PROBLEM DETAILS —
Below is a listing to copy exactly; no image goes into the copy.
+++ DATA EXTRACT
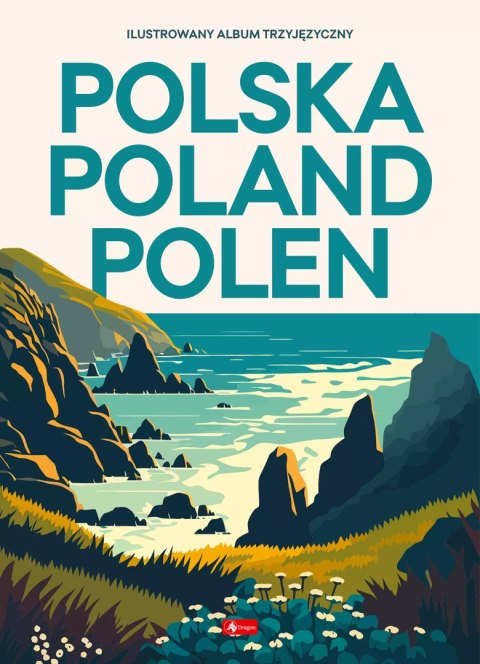 Polska Poland Polen Polska Poland Polen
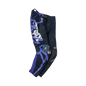 Youth 180 Diffuse Special Edition Pants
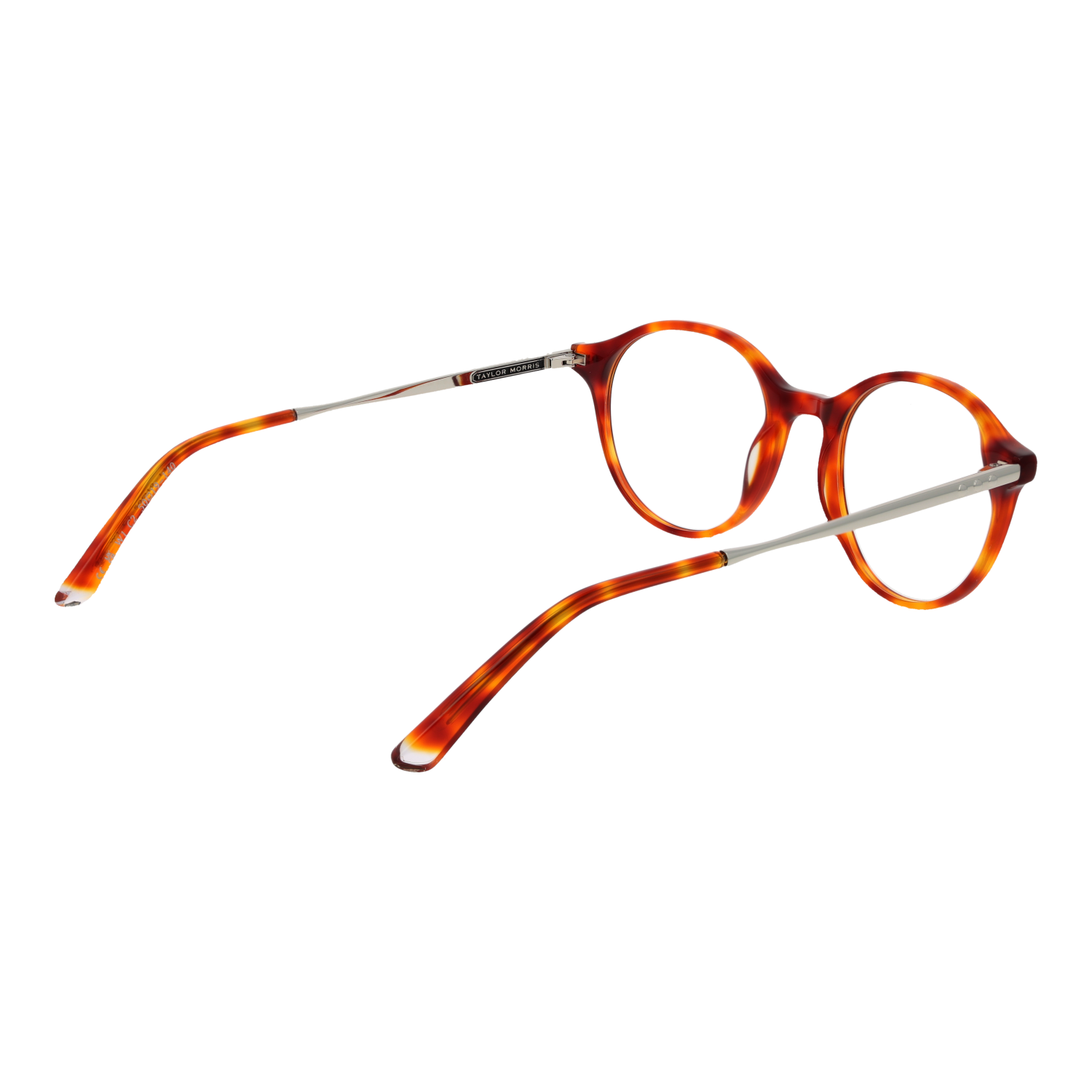 Taylor Morris Optical Frame W1 C2 50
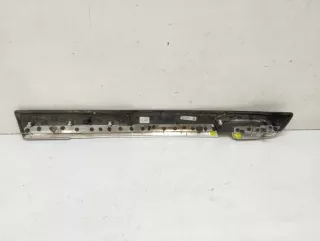 51419115534 Накладка двери BMW 7 F01/F02 Арт VZ221243, вид 6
++++++
RESPONSE AREA —
 Polska Poland Polen Polska Poland Polen
 Youth 180 Diffuse Special Edition Pants
 Taylor Morris Optical Frame W1 C2 50
 51419115534 Накладка двери BMW 7 F01/F02 Арт VZ221243, вид 6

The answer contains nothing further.